Francis Anthony Sponberg (18 May 1913 − 17 June 2000) was a professional rugby league footballer who played for Western Suburbs, Canterbury-Bankstown and for the New South Wales Rugby League team. He is the younger brother of Bill Sponberg - who also played for Canterbury.

==Club career==
Of Swedish descent, Sponberg had a successful club career, winning three grand finals with two different clubs.

A Canterbury junior, Sponberg made his debut for Western Suburbs in Round 6 of the 1932 season. He played for Wests for three seasons between 1932 and 1934. Sponberg played in the final against South Sydney after a semi-final win against Balmain. However, as minor premiers, Souths were allowed right of challenge, and so a rematch of the grand final was played a week later. Western Suburbs lost the grand final 12-19 and Souths took their 11th title. He scored his debut try in round 11 of the 1932 season in a win against Sydney University.

Sponberg played lock in the 1934 Grand Final, with his team defeating Eastern Suburbs 15-12.

He joined the newly admitted Canterbury-Bankstown club for their debut season in 1935. Sponberg was appointed captain of Canterbury-Bankstown's first-grade side on six occasions and was a member of the club's premiership-winning teams in 1938 and 1942. He played eight seasons with Canterbury between 1935 and 1944, including the 1938 Grand Final and the 1942 Grand Final. He spent the 1940 season as captain-coach of Wollongong, before returning to Canterbury in 1941. In round 4 of 1941, Sponberg scored two tries against South Sydney. In Canterbury's season rematch with Souths, Sponberg also scored two tries to help his team win 16-13.

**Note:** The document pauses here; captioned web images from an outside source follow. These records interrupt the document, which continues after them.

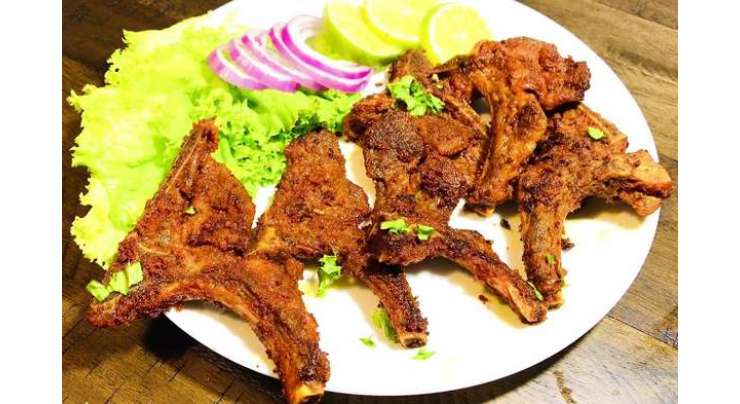 Mutton Chanp Recipe In Urdu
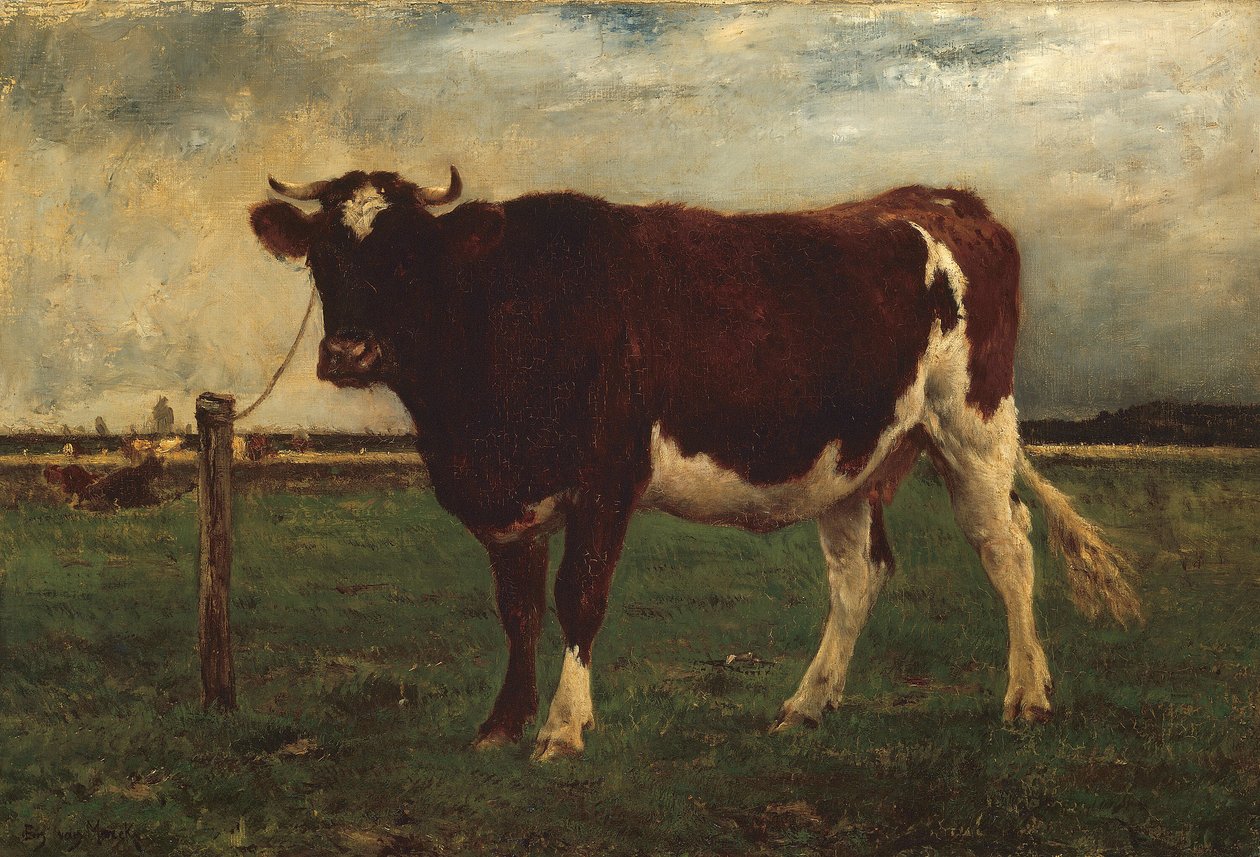 İnek Çalışması by Emile van Marcke de Lummen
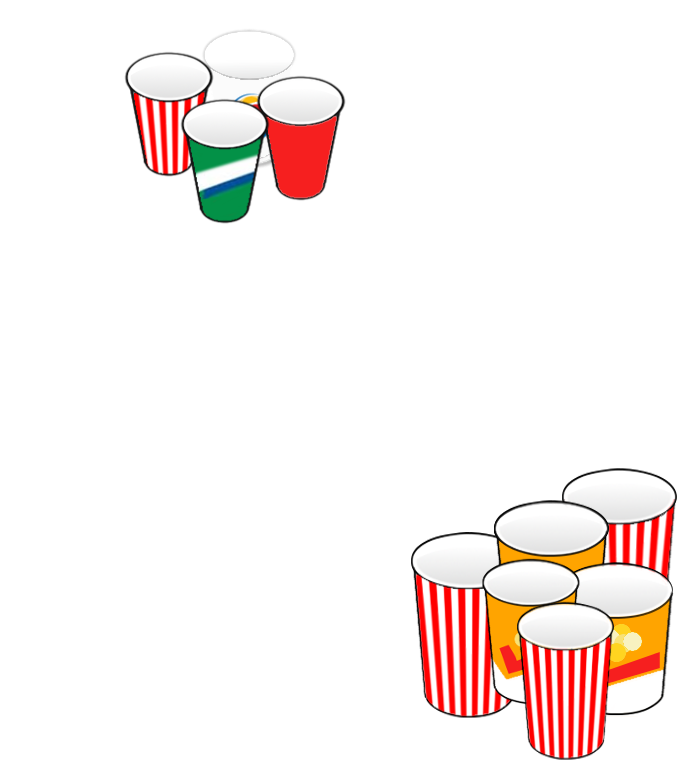 Daizyp cups size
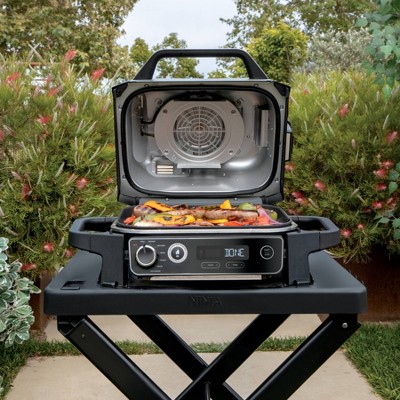 Ninja Woodfire Outdoor Collapsible Grill Stand - Compatible with Ninja Woodfire Grills - XSKSTAND, 4 of 6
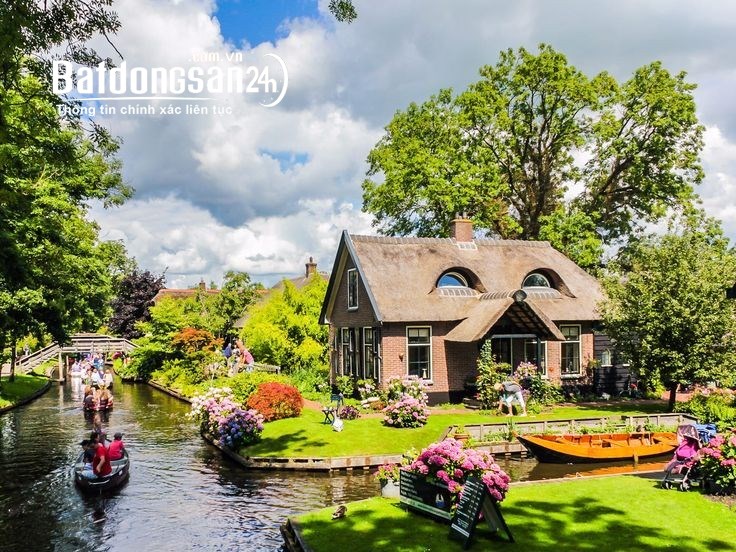 BÁN ĐẤT XÂY BIỆT THỰ DỰ ÁN GIETHOORN TẠI THANH CAO NGỌC THANH PHÚC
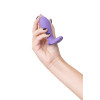 Анальный вибратор Satisfyer Intensity Plug Connect App, силикон, фиолетовый, 9 см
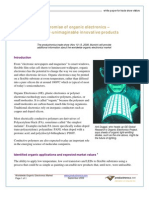 Whitepaper Organic Electronics 2009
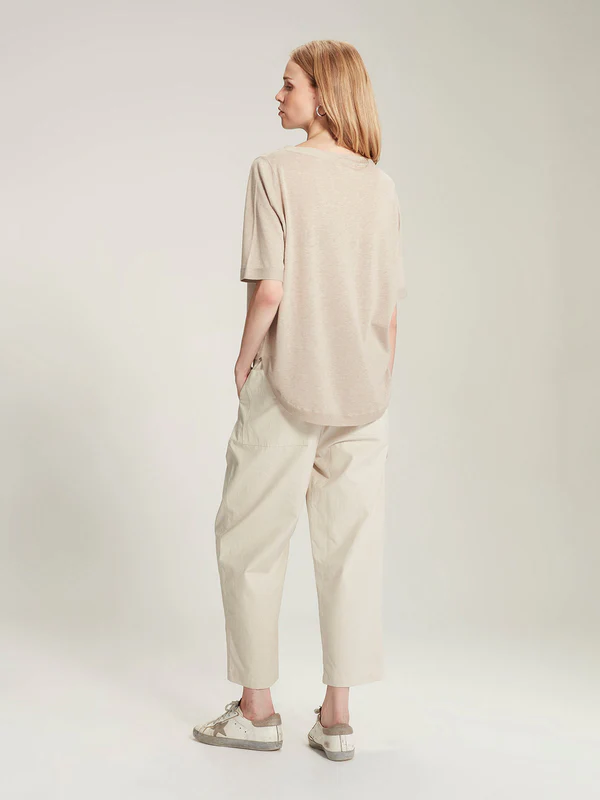 Sills Marina Pant - Chalk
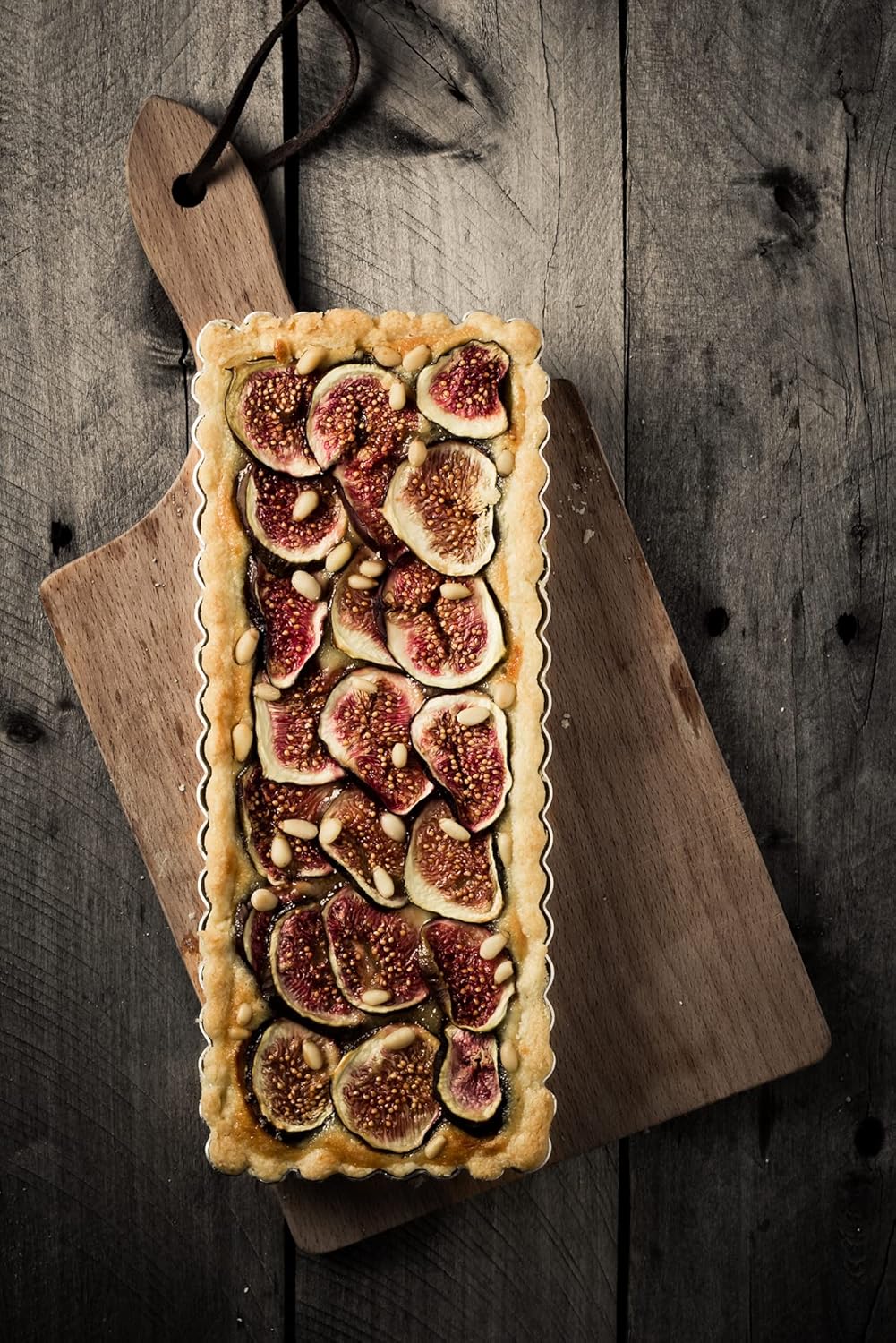 Fox Run Stainless Steel Rectangular Quiche Pan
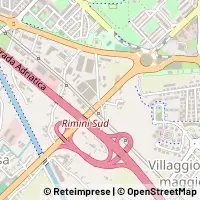 Kort Rimini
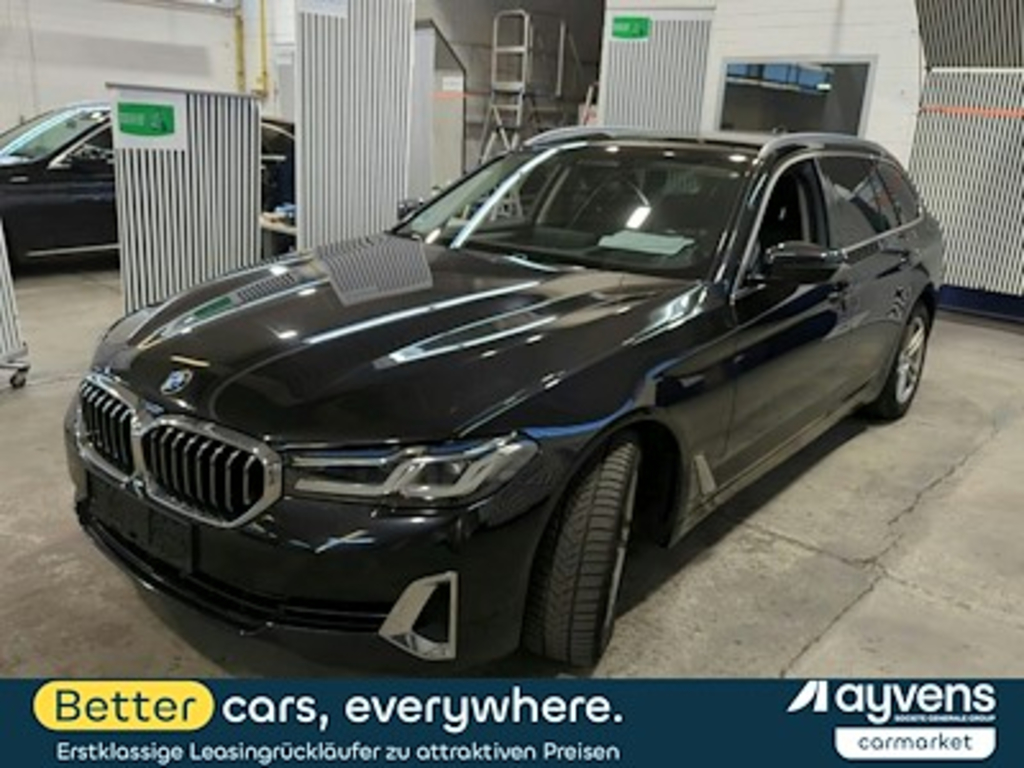 BMW 520d touring AU t. Luxury Line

In 1944, Sponberg played his final career game in round 8 against Newtown. He scored a try in that game.

==Representative career==
Sponberg represented New South Wales on seven occasions between 1933 and 1935. He scored a try in New South Wales' 24-0 Game 1 win against Queensland in the 1933 Interstate series. He missed 1936 selection due to broken ribs. Sponberg also represented New South Wales City, making 4 appearances with the representative team. In his debut with the team, he scored 2 tries against New South Wales Country, with his team winning 47-6.

Sponberg died at his home on the Central Coast of New South Wales following a short illness on 17 June 2000, aged 87.

==Accolades==
During 1936, Sponberg was quoted in the press as "the next best lock to Wally Prigg in Australia."

In 1985, Sponberg was selected in the Bulldogs' 'Greatest Team Ever'.

In 2004, Sponberg was named in the Canterbury 70th year Berries to Bulldogs Team Of Champions as lock forward.

In 2007, he was inducted into the Bulldogs Ring of Champions (Hall of Fame).